No livro do Apocalipse encontramos uma imagem muito conhecida e muitas vezes mal compreendida. Trata-se da imagem dos 4 cavaleiros do Apocalipse. Segundo uma interpretação simbólica do texto bíblico, o primeiro cavaleiro seria Cristo que reina e marcha com seu cavalo branco para vencer todos os seus inimigos (tema esse do livro do Apocalipse, isto é, a vitória de Cristo e de sua Igreja contra seus inimigos). O segundo cavaleiro montado em seu cavalo vermelho traz a perseguição violenta com sua espada pronta para sacrificar os cristãos que se mantêm fieis ao vitorioso Jesus Cristo. O terceiro cavaleiro montado em seu cavalo negro traz consigo as limitações financeiras para aqueles que sustentam os princípios de Cristo em suas vidas. O quarto cavaleiro em seu cavalo amarelo traz consigo a morte indiscriminada sob formas distintas.

Qual o sentido de se falar do Apocalipse em um texto que se propõe a explicar uma questão política? Justamente enfatizar a mesma estratégia diabólica de mais de 2000 anos. Se o diabo não consegue destruir os cristãos perseguindo-os de uma maneira violenta, como acontece em muitas regiões desse planeta, ele o faz através do estrangulamento da igreja. Essa é a estratégia empregada na França e na Europa em geral, apesar de vermos decapitações de padres, atentados terroristas contra cristãos e Igrejas incendiadas.

O que é?

Na atualidade, a estratégia de Satanás para acabar com a Igreja de Cristo na França é uma nova lei que se chama « Reforçando o respeito aos princípios da República » (confortant le respect des principes de la République), ou como ficou conhecida pela população – A Lei do Separatismo. Essa lei visa à violência islâmica que tem se multiplicado de maneira exponencial no território francês e que tem chamado a atenção das autoridades. A lei ganhou esse nome, pois os muçulmanos tem a tendência de se separar por não quererem se conformar com os princípios da República. Como, na França, a República é entendida de forma absoluta, um confronto se estabelece.

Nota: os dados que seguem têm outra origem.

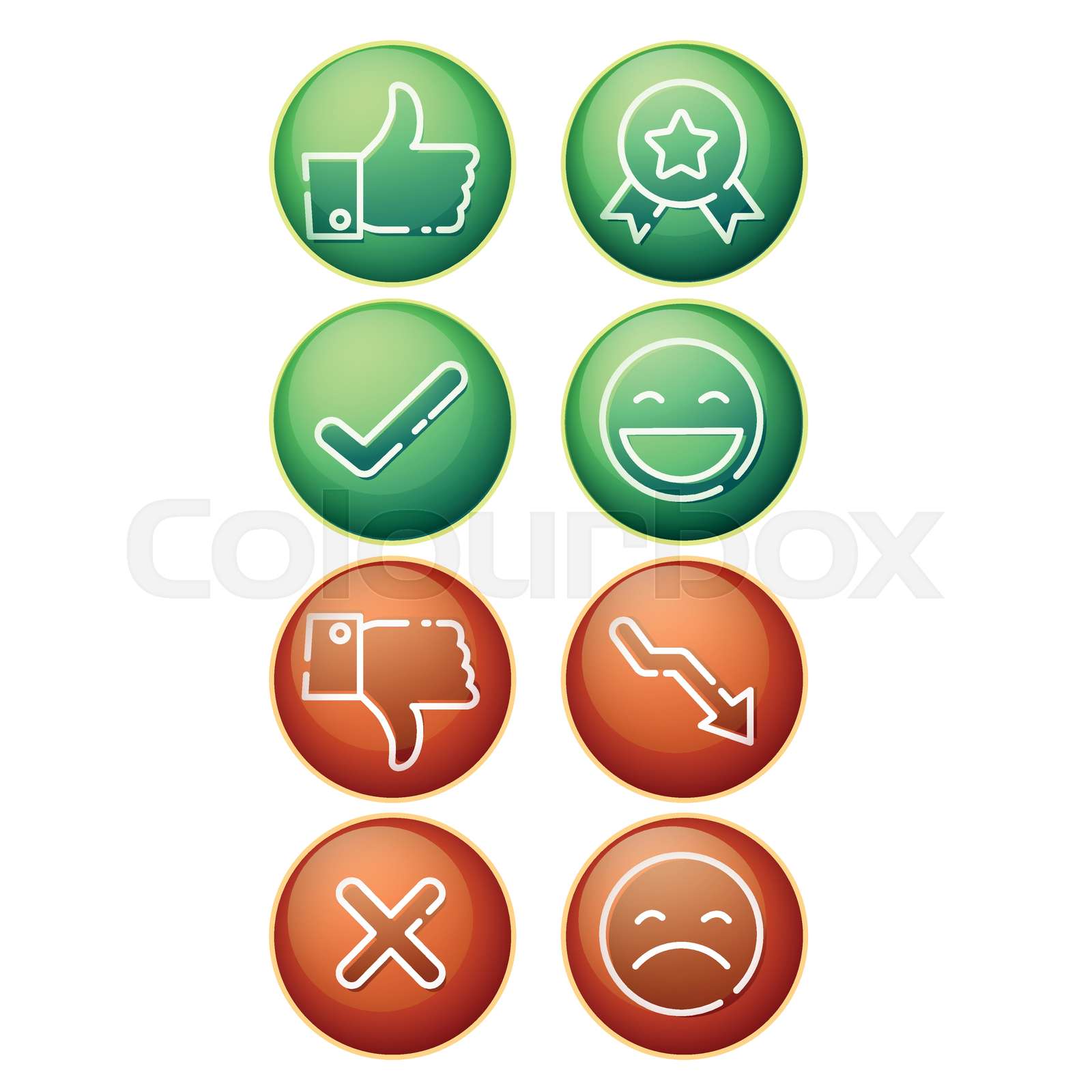 good-bad | Stock vector | Colourbox
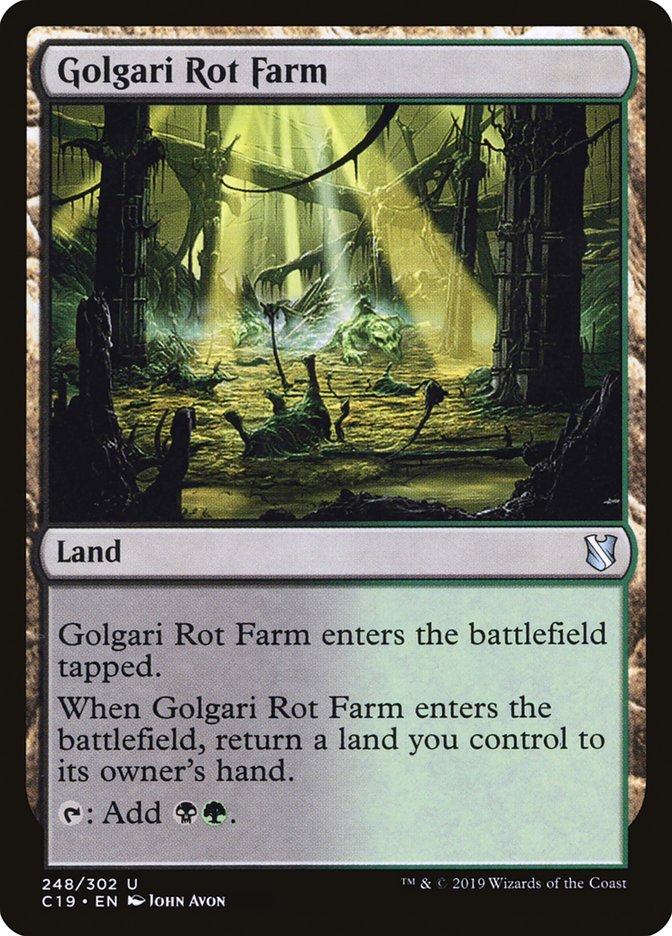 Golgari Rot Farm [Commander 2019] | Clutch Gaming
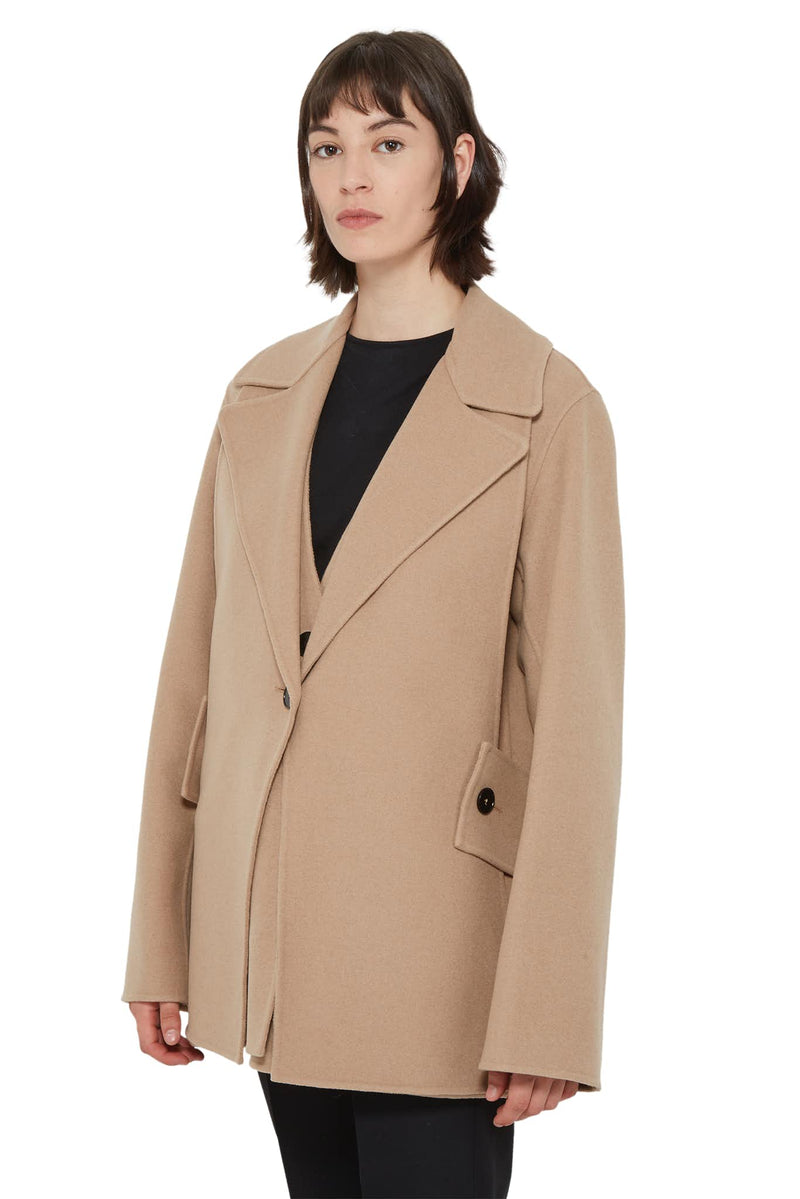 Manteau en cachemire brun clair Jil Sander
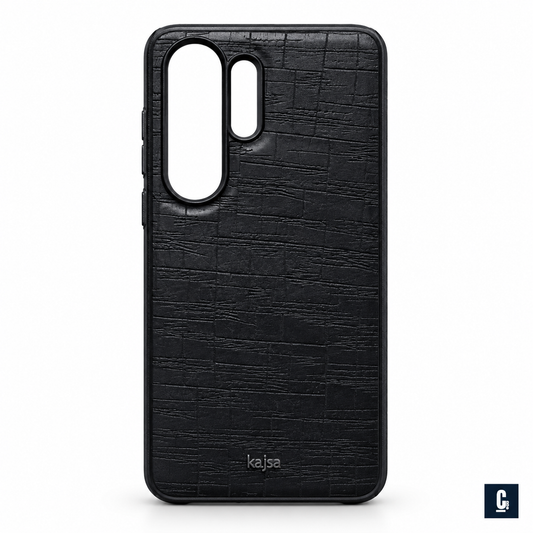 Kajsa Croco Texture Case — Black | CB Studio | color=black | view=front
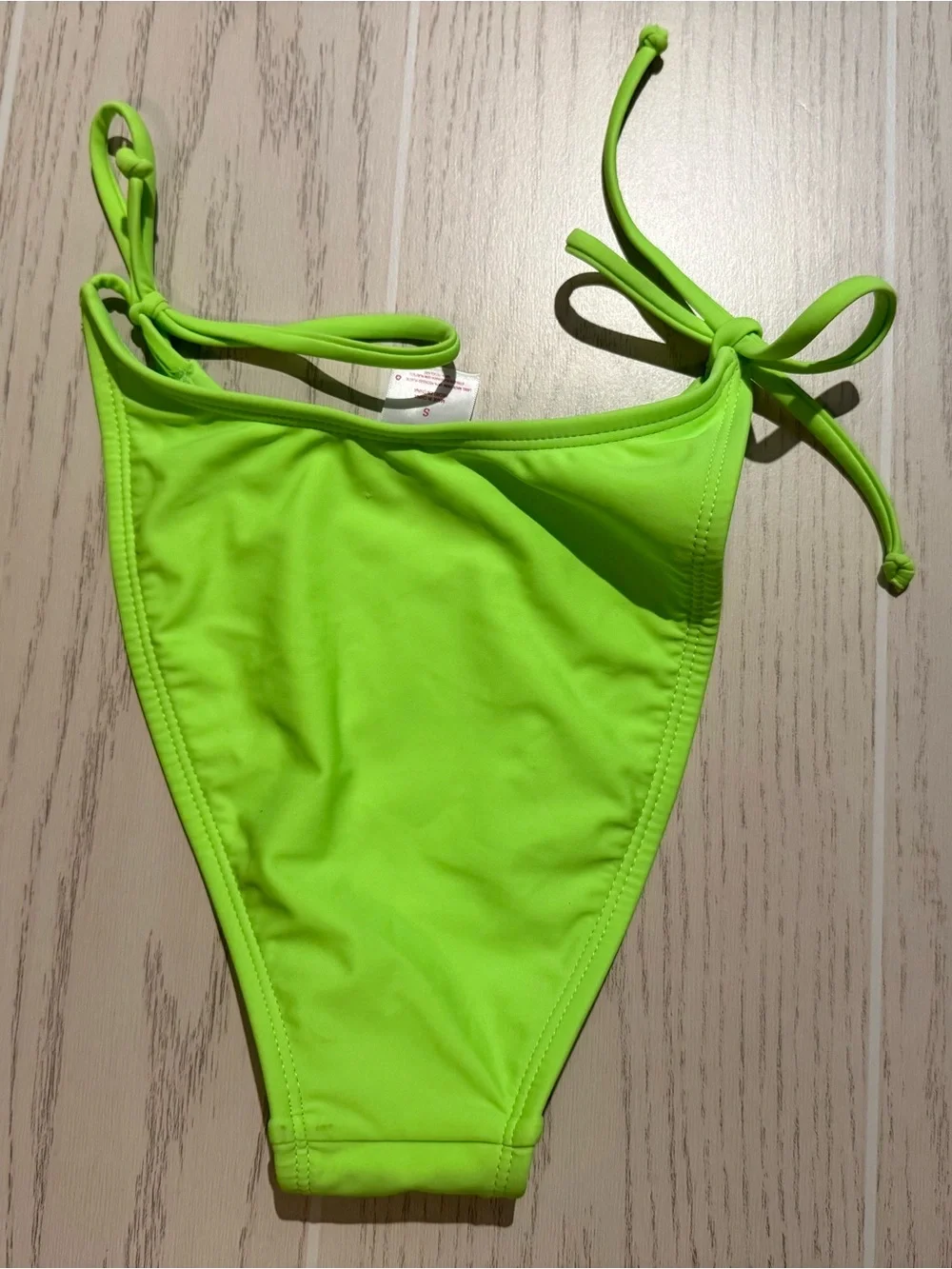 Xhilaration Neon Green Side Tie Bikini Bottom‎ Juniors Small NWT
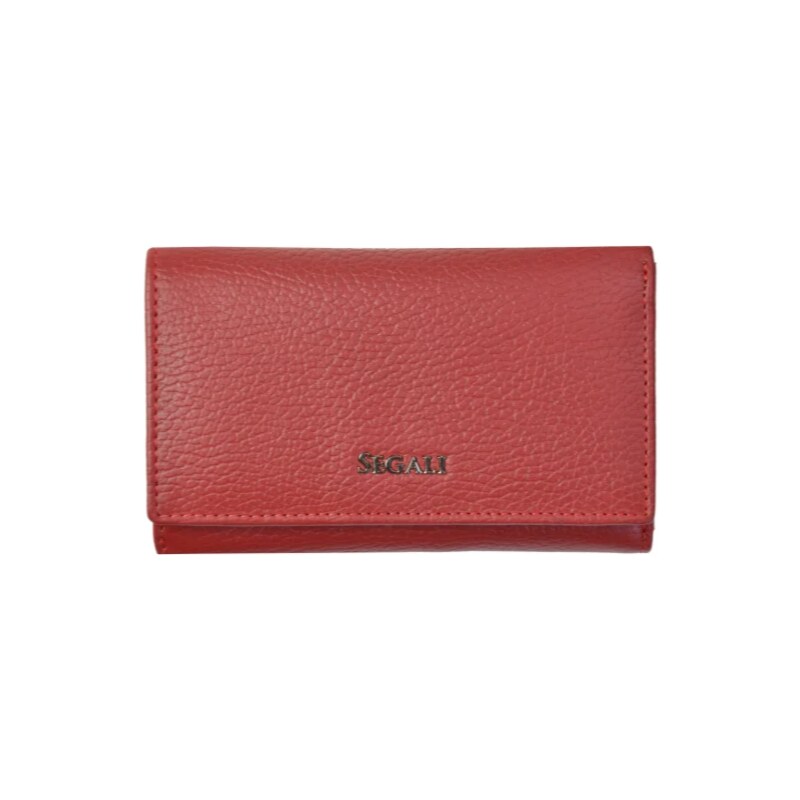 SEGALI Dámska kožená peňaženka SG-27074 červená 46835429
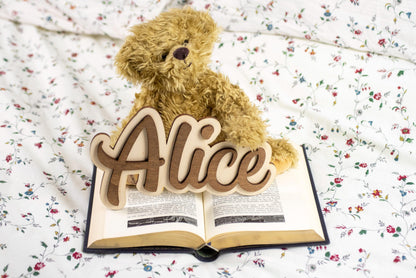 Personalized wooden first name – Door or child’s bedroom decoration – Birth, baby shower, birthday gift idea – Made in France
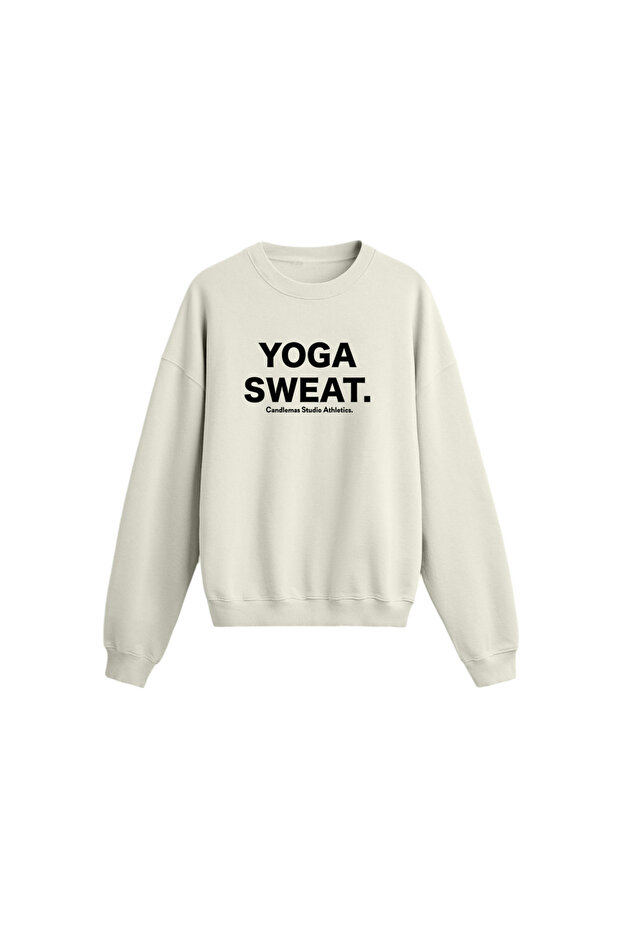 Yoga Printed Oversize Sweatshirt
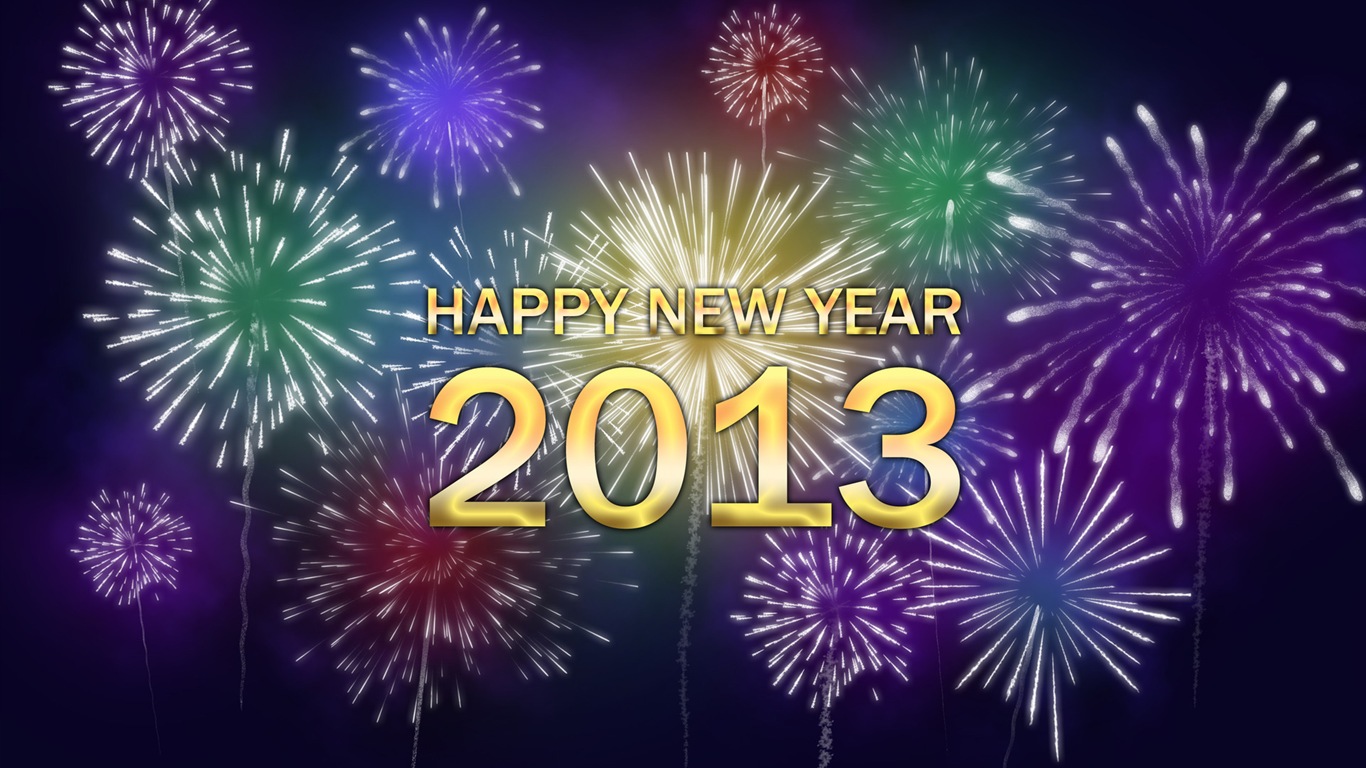 2013 New Year theme creative wallpaper(1) #11 - 1366x768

Essa lei tem como objetivo encorajar os muçulmanos a aderirem aos princípios republicanos e balizar as atividades de seu culto por meio de um controle mais efetivo do Estado sobre as organizações, os recursos financeiros recebidos de países muçulmanos e as atividades realizadas na França. Dessa maneira, o Estado poderia « supervisionar » de maneira mais próxima as atividades nas mesquitas.

Um pouco de contexto

Como isso aconteceria? Na França todas as igrejas, sinagogas ou mesquitas (religiões em geral) precisam se organizar na forma de uma associação cultual – uma associação cuja única função é prestar culto – seria o que conhecemos como personalidade jurídica no Brasil. Dessa forma, todas as Igrejas, sinagogas e mesquitas devem ter um grupo de pessoas que forma o comitê gestor (Le bureau) com presidente, vice-presidente, tesoureiro, secretário e membros. Esse comitê gestor gere todos os aspectos jurídicos, administrativos e financeiros da associação. O comitê gestor é eleito pela assembleia da comunidade por voto secreto e anualmente ele é obrigado a realizar ao menos uma assembleia geral para prestação de contas das atividades realizadas, das responsabilidades e decisões tomadas pelos membros do comitê gestor, apresentação de um orçamento e de um planejamento para o funcionamento da associação no ano seguinte. Todos os procedimentos devem ser lavrados em atas e declarados no departamento das associações na prefeitura de cada cidade onde a associação está cadastrada com seus estatutos, regimentos e autorizações do poder público para funcionamento e gestão financeira. Todas as modificações devem ser notificadas à prefeitura e a cada nova assembleia os documentos precisam ser atualizados.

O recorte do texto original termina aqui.